Спустился вечер. Новые боли плясали в теле Антона. В лагере поджидал его докучливый хор мудрецов, старейшин и раввинов различных еврейских общин, которые выстроились перед княжеским шатром и, не зная толком, из какой страны прибыл высокий гость, на всякий случай пели гимны всех европейских стран поочередно. Потом вперед вытолкнули молодого еврея, и он преподнес князю перламутровую шкатулку с пятнадцатью семенами пшеницы в ней. Князь, усталый и больной, к тому же ничего не понимавший в тонкостях восточного гостеприимства, не мог и предположить, что эти пятнадцать семян представляли собой микрографические сокровища, на которых уместились все пятнадцать еврейских утренних благословений, начертанных кисточкой, сделанной из одного-единственного волоса. В его воспаленных опухших глазах скользнула улыбка, он пробормотал слова благодарности и разом проглотил драгоценные семена, на изготовление которых ушло полгода кропотливейшего труда. Содрогание прошло волной по лицу еврея, и в ответ ей сходная волна потрясла внутренности князя. Выпроводив гостей и увидев, что его фамильный переносный туалет обступили советники и телохранители, он стал искать укромное местечко, где можно было бы поскорей облегчиться.
Проскользнув между ашкеназийским и сефардским раввинами, все еще препиравшимися, кто пойдет справа, а кто слева от него, он, пригнувшись, пересек пыльную тропу, которая спускалась в долину Кедрона, торопливо присел и опорожнился в тени гигантских валунов, составлявших основание городской стены. Теперь, когда срочность миновала, он сообразил, что забыл взять с собой гусенка на подтирку, быстро выковырял из пыли камень и вытер им зад, как это делают презренные погонщики ослов, а затем с чувством облегчения поднялся и побрел куда глаза глядят, пока не оказался в проеме Баб а-Загары, и молниеносно, будто город всосал его в свою утробу, был втянут в его каменные внутренности, нырнул в них и сгинул.
Люди князя вскоре обнаружили его исчезновение, и их охватил сильнейший страх. Срочно разбуженный мутасареф тотчас впал в истерику и в испуге и огорчении принялся рвать волосы на голове юноши, лежавшего рядом с ним на надушенных простынях.

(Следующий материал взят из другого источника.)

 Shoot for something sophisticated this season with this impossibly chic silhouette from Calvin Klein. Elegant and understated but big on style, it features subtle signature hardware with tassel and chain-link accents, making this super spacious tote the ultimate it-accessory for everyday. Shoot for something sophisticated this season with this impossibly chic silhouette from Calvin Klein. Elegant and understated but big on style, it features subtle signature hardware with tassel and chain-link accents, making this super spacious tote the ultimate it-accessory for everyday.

Все вспомнили ужасный случай исчезновения двадцатилетней сестры русского консула, что по прошествии недели была найдена мертвой в раскопках Палестинского исследовательского фонда, — золоченые одежды сорваны, а обнаженное тело запеленато так, как заиорданские бедуины пеленают своих младенцев. Тем временем князь, понятия не имея обо всем этом, шел себе в одиночестве по темным переулкам, дышал полной грудью и с удовольствием тыкал металлическим наконечником трости в щели между булыжниками мостовой. Пройдя под Аркой Лазаря, он миновал двойной вход в Монастырь Белых Сирот, зажал ноздри от смрада крови, который подымался из бойни шейха Абу Рабаха, и вышел на небольшую площадь, хорошо известную туристам благодаря красноватым камням, которыми она вымощена в память о святой Пелагее. Здесь сельджукские всадники отсекли волосы святой, и кровь, брызнувшая из ее отрубленных локонов, впиталась в каменные поры.